# Renting RV for multi-resort trip



## WasabiCanuck (Apr 29, 2015)

I have been thinking of different ways for my family to enjoy a multi-resort snowboard trip. I thought maybe renting a motorhome would be more fun and possibly cheaper than staying hotels. I could rent one from Canadream in Calgary or Vancouver for $120/per night. That sounds pretty good. They have suggested winter itinerary ski trips on their website. I could hit 5 resorts over a week or 2. I know winter rving is not ideal but it could be a fun family vacation (Clark Griswold style).

Just wondering if anyone else has thought of doing this or has done it. Please let me know your thoughts/advice.


----------



## deagol (Mar 26, 2014)

I have not done this, but wonder about how the RV's plumbing system would handle the cold.. there might be ways of dealing with it but I know that you have to winterize RV's by using RV antifreeze in the tanks and pipes the are exposed to outside temperatures.

Would be interesting to know what people do to prepare for the temps... I am sure people have methods.


----------



## WasabiCanuck (Apr 29, 2015)

deagol said:


> I have not done this, but wonder about how the RV's plumbing system would handle the cold.. there might be ways of dealing with it but I know that you have to winterize RV's by using RV antifreeze in the tanks and pipes the are exposed to outside temperatures.
> 
> Would be interesting to know what people do to prepare for the temps... I am sure people have methods.


You are right. Not as easy as summer to do, but if they rent them in winter and have suggested ski trip itineraries they must have them prepared for cold. I'm sure it makes shower, toilet, cooking more difficult but it can be done.


----------



## Argo (Feb 25, 2010)

They have all seasons RV's that have tank and line heaters on them.


----------



## deagol (Mar 26, 2014)

Argo said:


> They have all seasons RV's that have tank and line heaters on them.


Interesting..

We have a small trailer and while I have thought about taking it out in winter, I never have.

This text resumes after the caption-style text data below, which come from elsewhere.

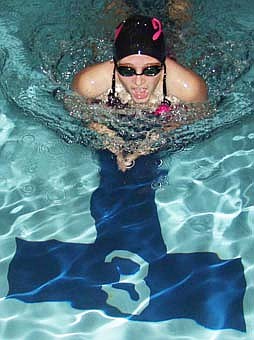 Jay County swimmers nearly perfect in 1st two (11/21/03)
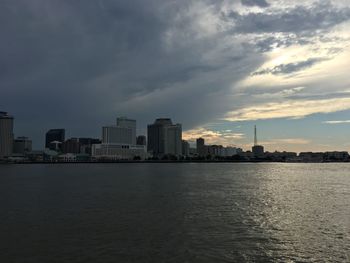 Sea by buildings against sky in city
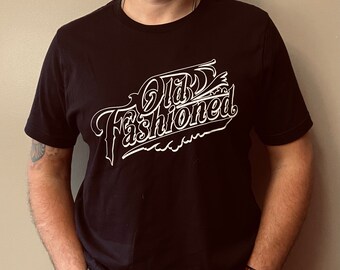 May include: Black t-shirt with a white graphic that says "Old Fashioned" in a stylized font.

I thought about maybe just putting in some antifreeze into the takes/pipes...

Pulling a trailer in the snow is stressful, I have done it before and it's not fun. Interesting to see how people make this work, though..


----------



## ryannorthcott (Dec 17, 2010)

Fuck yea I've done that a couple times with the family when I was a kid. It's a fun way to go. And yes they have winter-ready RVs of course available. Just gotta find out where to camp and where to park it at the hill and you should be set.


----------



## mojo maestro (Jan 6, 2009)

Had a 31' class C for a few years. I say do it!!! Pay extra for insurance or check your insurance policies. Don't be in a hurry driving. Drive in the best conditions possible. Chains if shitty conditions and you have to drive. Stocked full of food and supplies. You're makin' memories that last a lifetime. Oh....and a couple shovels......for digging out of the parking lot.


----------



## WasabiCanuck (Apr 29, 2015)

mojo maestro said:


> Had a 31' class C for a few years. I say do it!!! Pay extra for insurance or check your insurance policies. Don't be in a hurry driving. Drive in the best conditions possible. Chains if shitty conditions and you have to drive. Stocked full of food and supplies. You're makin' memories that last a lifetime. Oh....and a couple shovels......for digging out of the parking lot.

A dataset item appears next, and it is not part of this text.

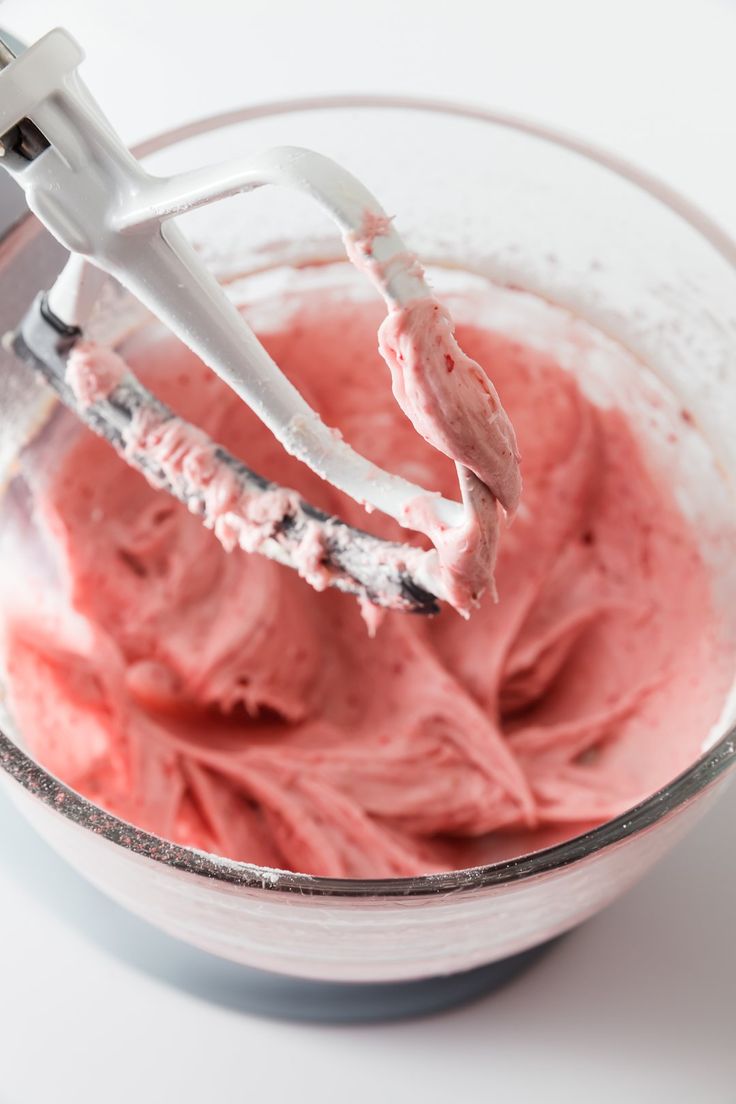 a mixer filled with pink colored food on top of a white counter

Those are excellent tips. :thumbsup: I am definitly doing this when the kids are a little older.


----------



## Robbo99 (Sep 2, 2013)

the downside of multi-resort trips is you can't benefit from a season pass, obvs.

somehow i just cant justify being raped on the day ticket rate.


----------



## Argo (Feb 25, 2010)

Epic pass and/or Mountain collective would work just fine.


----------



## PlanB (Nov 21, 2014)

I have done this in the past with a few buddies, long story short, great experience overall and well worth it for the memories, but in hindsight I don't believe we saved much if any money vs searching out budget lodging. Gasoline was a total drain on our budget and we encountered several places that didn't allow overnight parking on the hill so it defeated the whole idea.


----------



## mojo maestro (Jan 6, 2009)

PlanB said:


> I have done this in the past with a few buddies, long story short, great experience overall and well worth it for the memories, but in hindsight I don't believe we saved much if any money vs searching out budget lodging. Gasoline was a total drain on our budget and we encountered several places that didn't allow overnight parking on the hill so it defeated the whole idea.


I've found if you talk to the parking lot "plow crew" and are willing to move your vehicle in the middle of the night.......some will let it slide. A 12 pack of the local brew can't hurt either. They don't want to dodge parked vehicles. Wait till they start clearing the lot and move your rig to a spot they've already cleared.......easy.


----------